When using identifiers to track and engage individuals, enterprises must contend with various technology, connection persistence, privacy, security, identity management, regulatory compliance, and related challenges. Focusing on just one of these is a most challenging problem for business. People move. In the U.S., for instance, 10% of the population moved in 2019. Phone numbers go bad. Emails degrade (roughly 22% of emails degrade in a year), and most recently, individuals have started to adopt alias emails to block their real identity. You get the point – it is hard for a business to stay connected with an individual.
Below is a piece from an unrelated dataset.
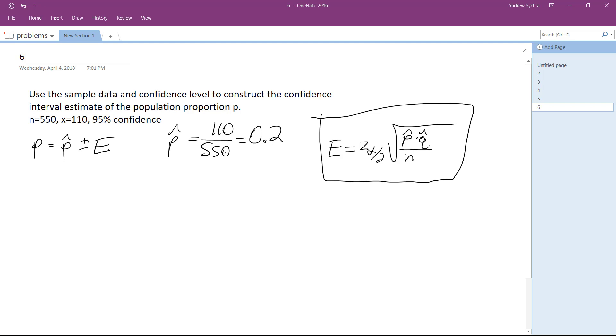Okay, so then q is equal to 1 minus 0.2, which is 0.8.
In our conversation, Drummond remarked: “There has never been a connection this strong in human history that will be this persistent.” What Drummond is referring to is the DID, otherwise known as the decentralized identifier. The DID is a core element of the SSI experience. The DID is ugly. It is a long string of numbers that would mean nothing to anyone. Luckily, unlike email or phone numbers, the actual DID string itself is handled by the SSI applications, not the enterprise or the individual. Here is what one looks like:
When an individual and a business connect via the self-sovereign identity approach, they share their respective DIDs. The connection between the parties will remain persistent as long as either party does not revoke their connection. Only the valid holder of a DID can use it, and therefore verifiable certainty of the relationship between the enterprise and the individual can be established.
In the future, Drummond suggests that these connections will become the primary measure of business success, especially in marketing and advertising. For instance, today marketers use metrics like likes, media impressions, email opt-ins, SMS opt-ins, etc. These measures are fine, but ephemeral and lack the personal control that DIDs offer the individual. DIDs, however, are persistent and under the individual’s control.
Again, the only way a business can obtain an individual’s DID is if the Holder provides it. Businesses won’t be able to go to data brokers and buy DIDs, as they do with email addresses today. Moreover, as soon as the Holder is ready to move on, the Holder can revoke it. Therefore, when a business reports on how many “direct connections” they’ve established with individuals, this number will mean something. It means that people have connected and stayed connected with a business of their own volition. This is a game-changer. It means that businesses will be incentivized on a legit metric and forced to focus on building and maintaining real relationships (not fake bot accounts) and provide value if they want to keep their metrics up.
Where do we go from here?
I have little doubt that the self-sovereign Identity approach will take hold and be mainstream at some point in the future – three, four, five years from now, if not sooner. We are still in the early days, but unlike the introduction of the web, which was completely new at its introduction to the world, self-sovereign identity is being planted in fertile ground. So be forewarned, it is going to grow fast.
Drummond notes, “We forget that it took years for the web to settle down to the expectation that it ‘Just works,’ so it will take time for self-sovereign identity. However, as businesses integrate it into their systems and people see the value, magic will happen. People will begin to say, “I know who I’m connecting with. They know they’re connecting with me. We can drop the defensive posture,” Drummond says. Once we drop our defensive posture, a new kind of trusted relationship will emerge. More data will flow, and businesses and individuals alike will be in a position to create more and more value for themselves and each other.
We’re on the verge of the next revolution. Let’s get ready.